Application in Real Estate

  1. For Homebuilders & Developers: DSI indicates how quickly homes or units are sold after construction. A high DSI may signal slow sales or oversupply, while a low DSI suggests strong demand.
  2. For Real Estate Investment Firms: In the case of flippers or developers, DSI helps measure how efficiently properties are acquired, renovated, and sold.
  3. For Multifamily & Commercial Real Estate: While DSI is less commonly used, a similar concept applies to vacancy periods—how long a unit remains unoccupied before being leased.

Application of DSI to Multifamily Real Estate

To adapt Days Sales in Inventory (DSI) for multifamily leasing efficiency, we can create a Days to Lease (DTL) metric, which measures how long a unit remains vacant before being leased. This is particularly useful for tracking leasing performance across different properties or markets.

Formula for Days to Lease (DTL)

DTL = Total Vacant Unit-Days / Total Leased Units in Period

Where:

  • Total Vacant Unit-Days = Sum of days each unit remains vacant before being leased.
  • Total Leased Units in Period = Number of units leased within a given timeframe.

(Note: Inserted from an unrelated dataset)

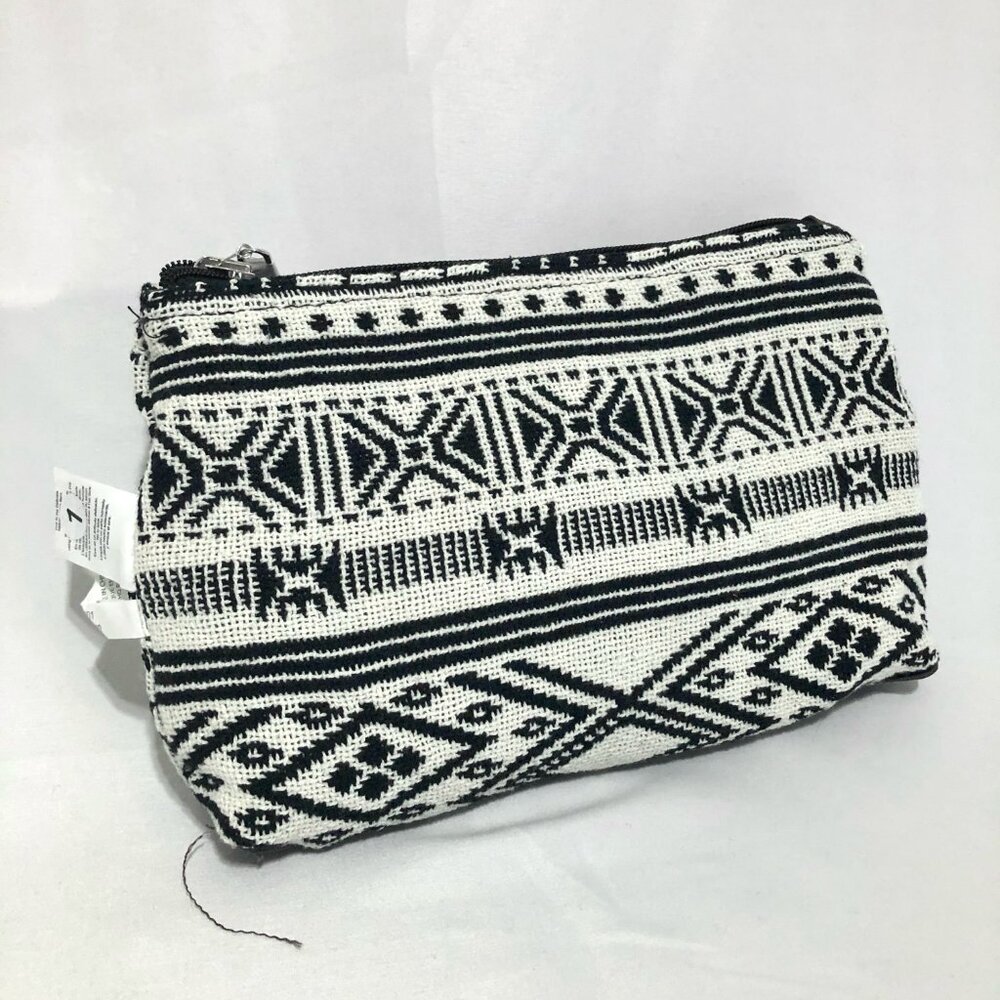 Thirty One Reversible Pouch (NWT) Rio Weave - Picture 2 of 3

How DSI Applies to Multifamily Real Estate

  1. Leasing Efficiency – A lower DTL suggests strong leasing demand, while a high DTL indicates potential issues like pricing, marketing, or property desirability.
  2. Benchmarking Across Markets – Compare DTL for different properties, submarkets, or unit types to identify trends and inefficiencies.
  3. Impact on Revenue – Longer DTL leads to higher vacancy loss, reducing overall NOI (Net Operating Income).
  4. Advertising Effectiveness – Helps assess how well marketing and leasing strategies are performing.

Example Calculation

If a property has 5 vacant units and each took an average of 20 days to lease, then:

Example Calculation: DTL = (5 x 20) / 5 = 20 days

This means it takes an average of 20 days to lease a vacant unit.